● **Given data**
::::::

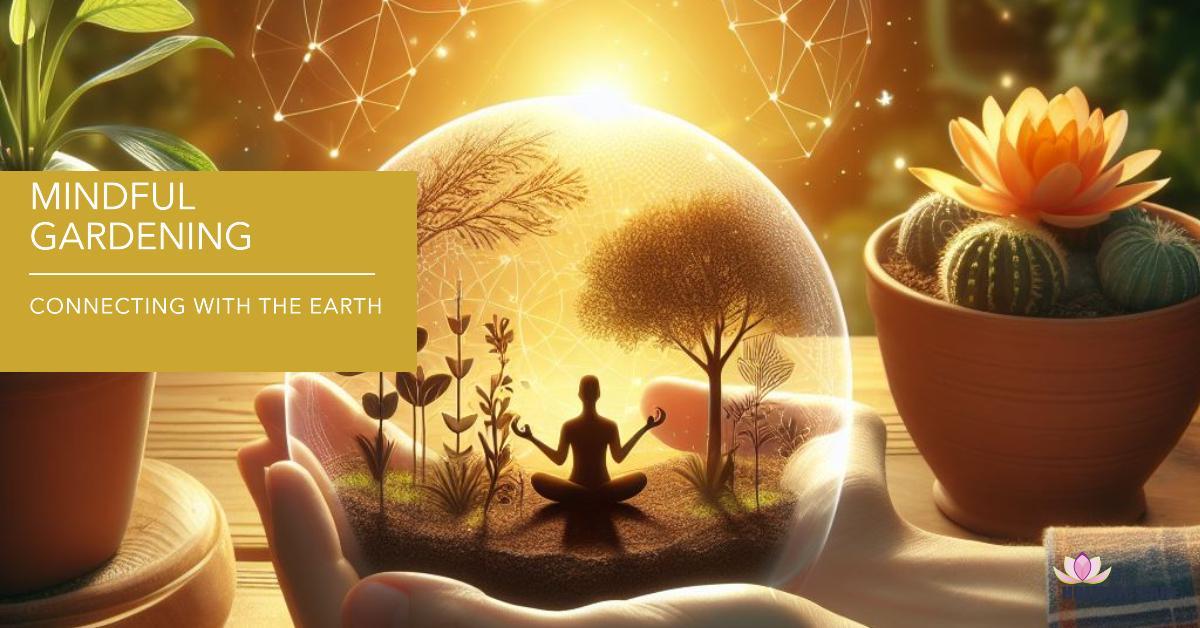 Hands tending a plant in a peaceful garden with mindful attention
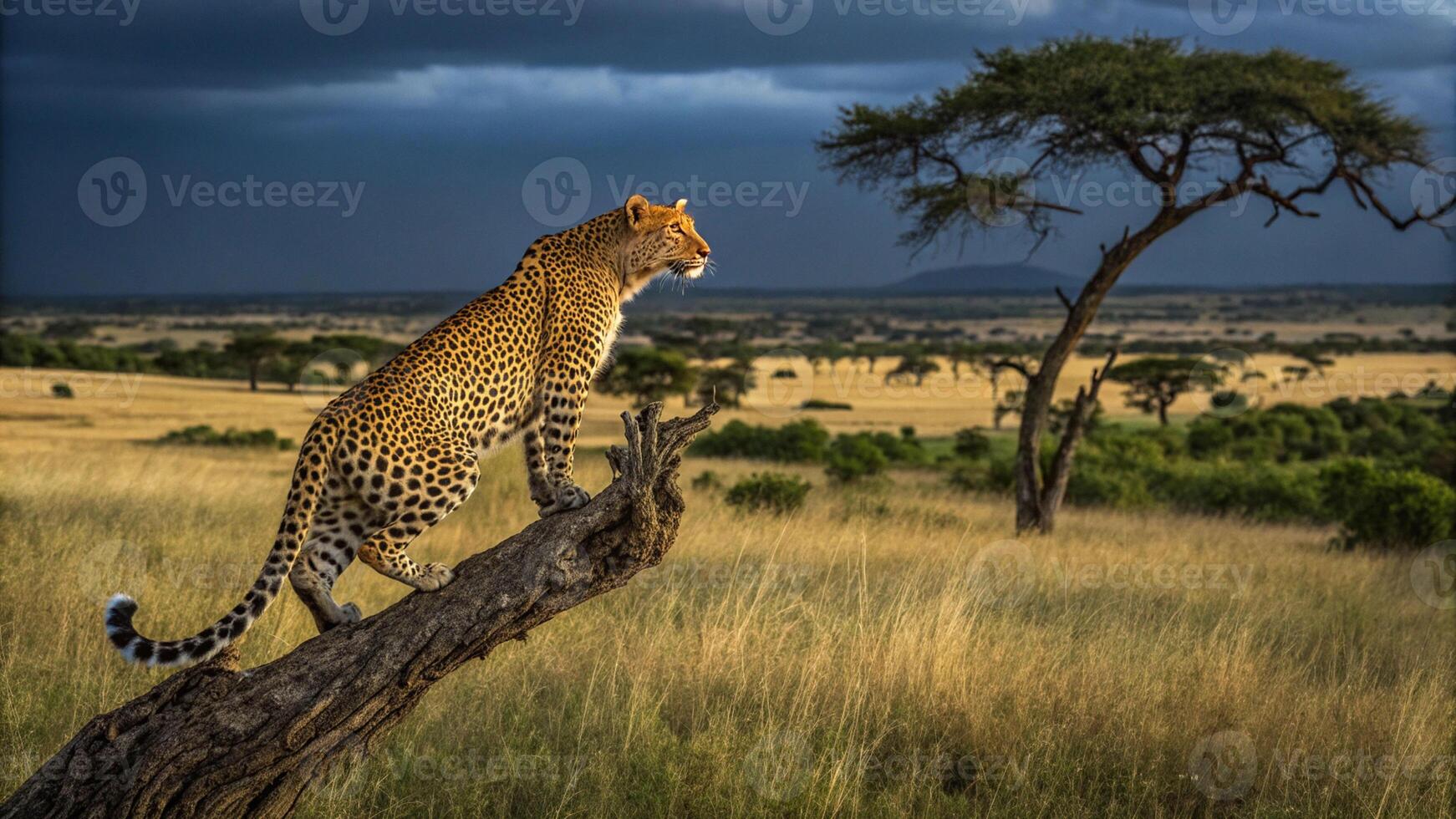 leopard on tree branch, savanna landscape, thunderstorm clouds, detailed realistic lighting, intricate details, high resolution, 8K photo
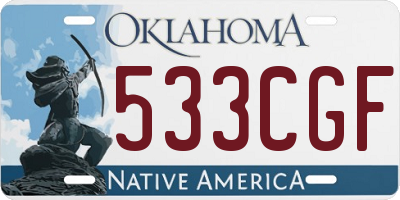 OK license plate 533CGF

::::::

● **What this task involves**
The answer must be the exact lines from the line with "leopard on tree" to the final line of the data, both ends included, with no pictures.

● **Exercise output**
 leopard on tree branch, savanna landscape, thunderstorm clouds, detailed realistic lighting, intricate details, high resolution, 8K photo
 OK license plate 533CGF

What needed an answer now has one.